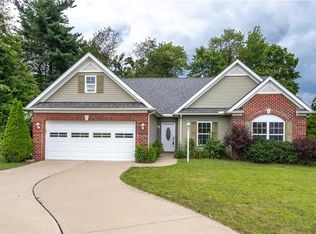 100 Whitetail Dr, Beaver Falls, PA 15010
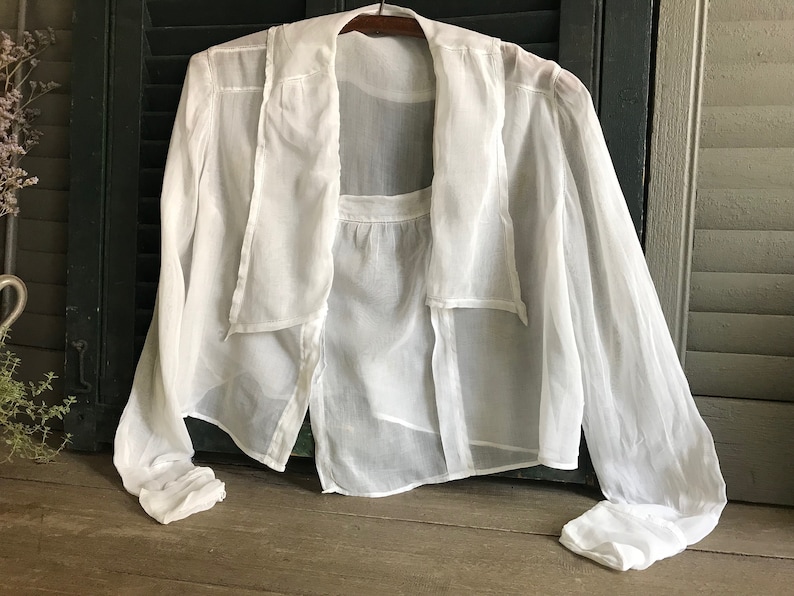 Antique Blouse, White Cotton Batiste, ca 1910s, Period Clothing image 6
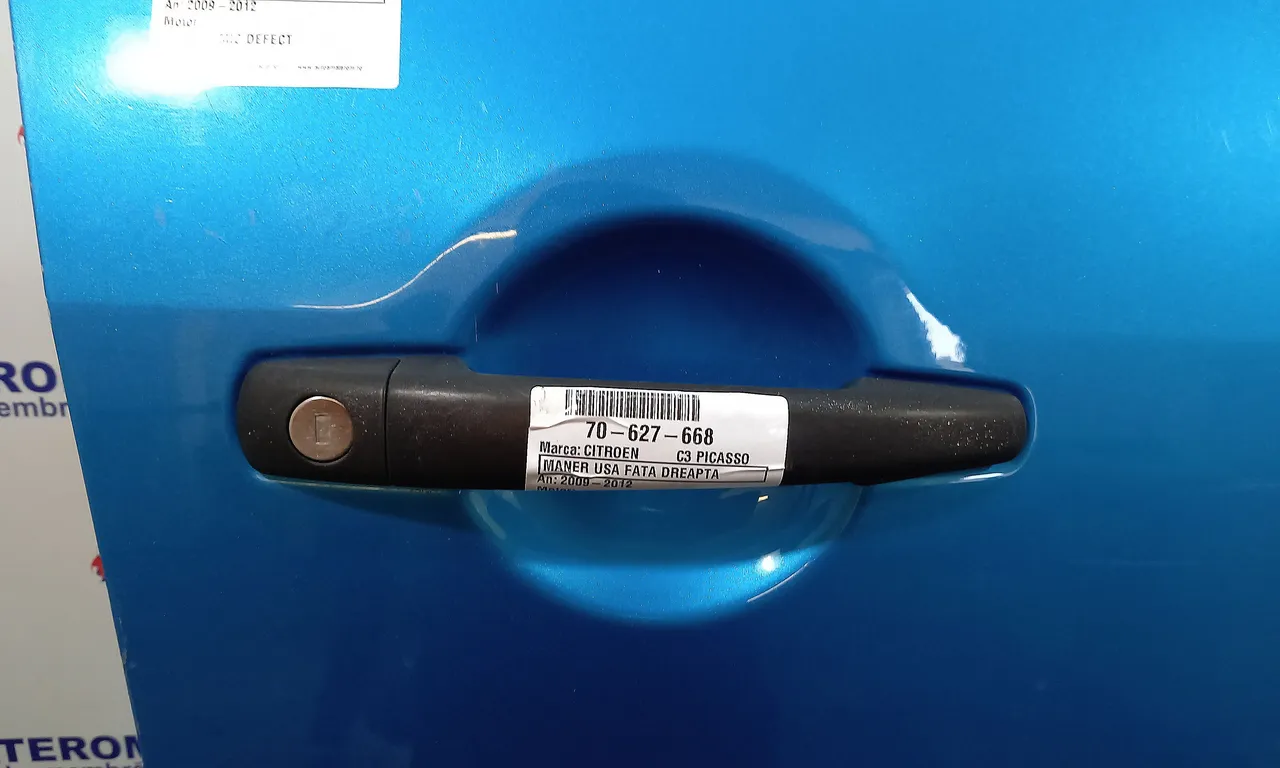 MANER USA FATA DREAPTA CITROEN C3 PICASSO 2008-2012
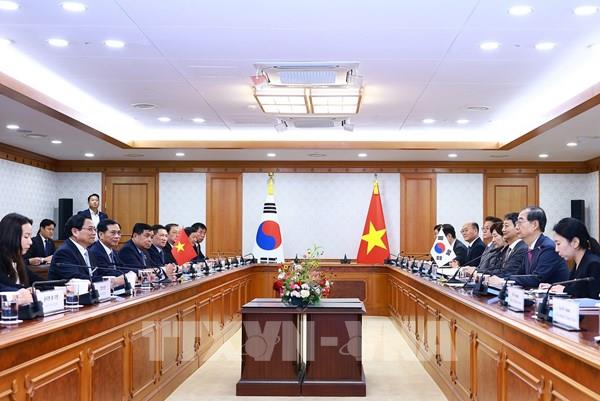 Thủ tướng Phạm Minh Chính hội đàm với Thủ tướng Hàn Quốc Han Duck Soo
________
- **Prompt**:
Write out the material above without changing a word, and skip any picture.

- **Final answer**:
 100 Whitetail Dr, Beaver Falls, PA 15010
 Antique Blouse, White Cotton Batiste, ca 1910s, Period Clothing image 6
 MANER USA FATA DREAPTA CITROEN C3 PICASSO 2008-2012
 Thủ tướng Phạm Minh Chính hội đàm với Thủ tướng Hàn Quốc Han Duck Soo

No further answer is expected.